> [Supplied information]
- - -

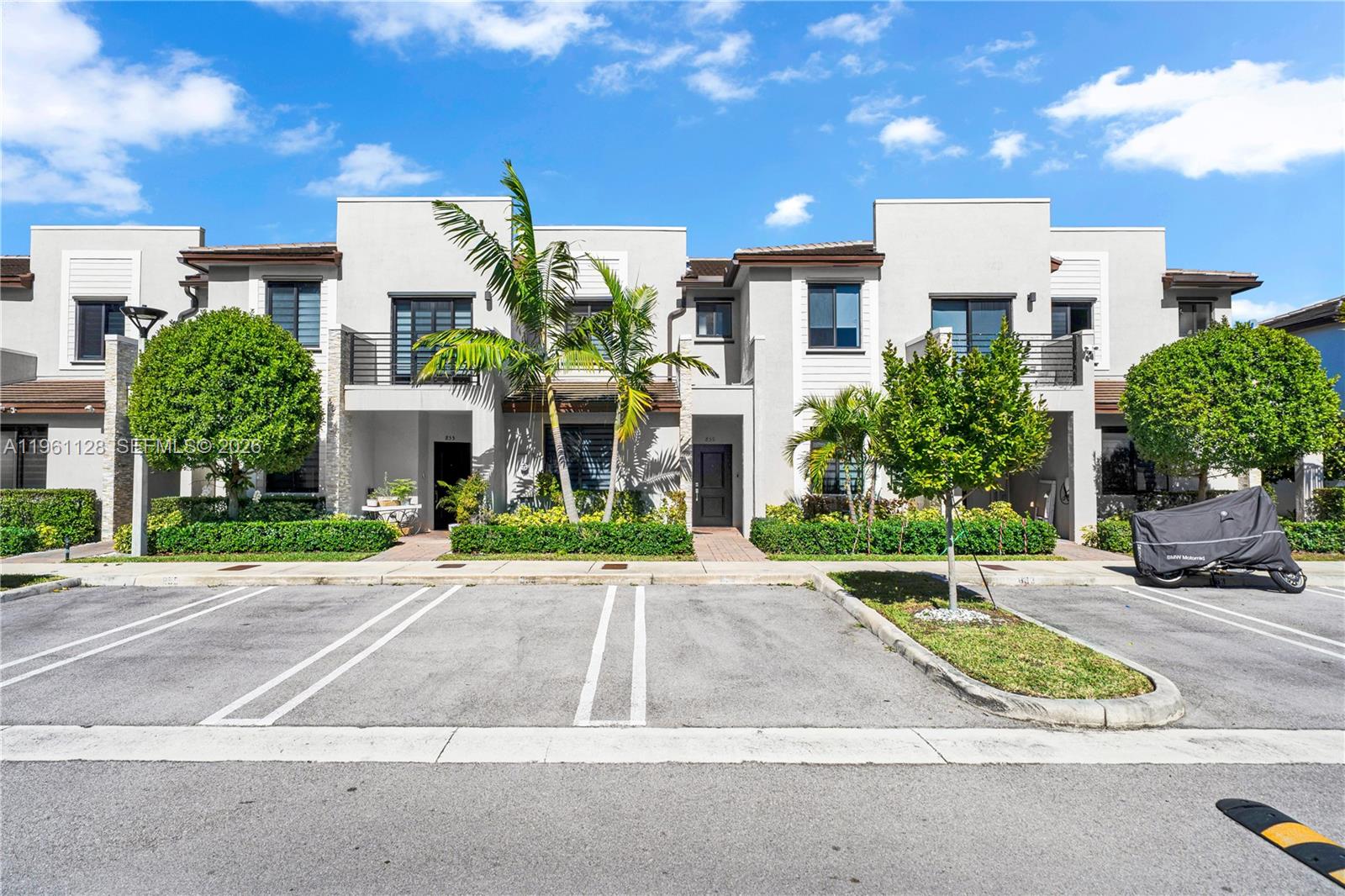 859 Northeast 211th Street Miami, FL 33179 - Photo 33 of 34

- - -

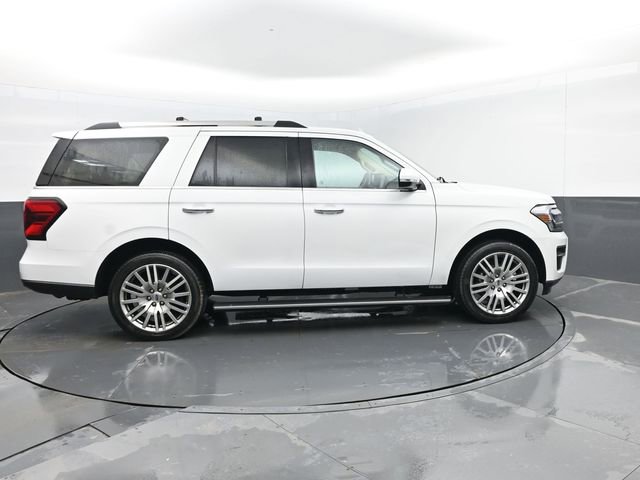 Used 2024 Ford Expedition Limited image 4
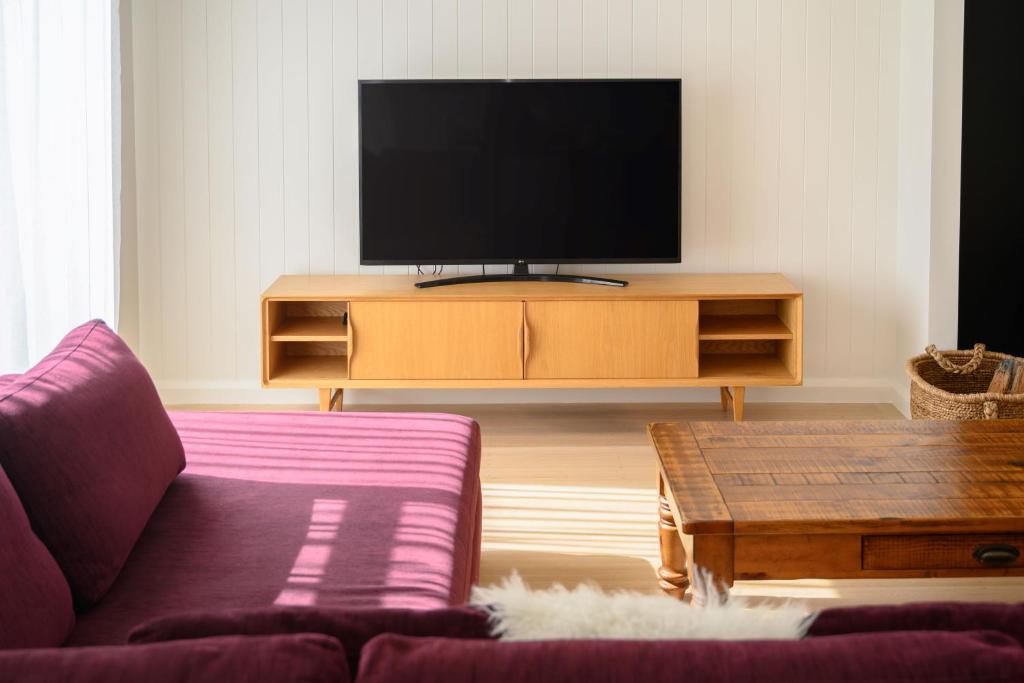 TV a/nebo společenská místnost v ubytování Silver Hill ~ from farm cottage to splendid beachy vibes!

- - -

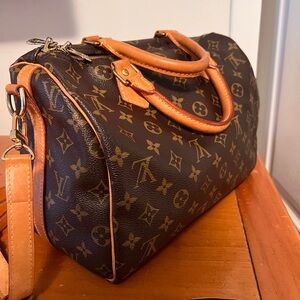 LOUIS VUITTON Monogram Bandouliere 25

- - -

> [Aim of the exercise]
Copy out the lines above from the line containing "Used 2024 Ford Expedition Limited image 4" through the line containing "TV a/nebo společenská", exactly, and keep the pictures out.

> [Task result]
 Used 2024 Ford Expedition Limited image 4
 TV a/nebo společenská místnost v ubytování Silver Hill ~ from farm cottage to splendid beachy vibes!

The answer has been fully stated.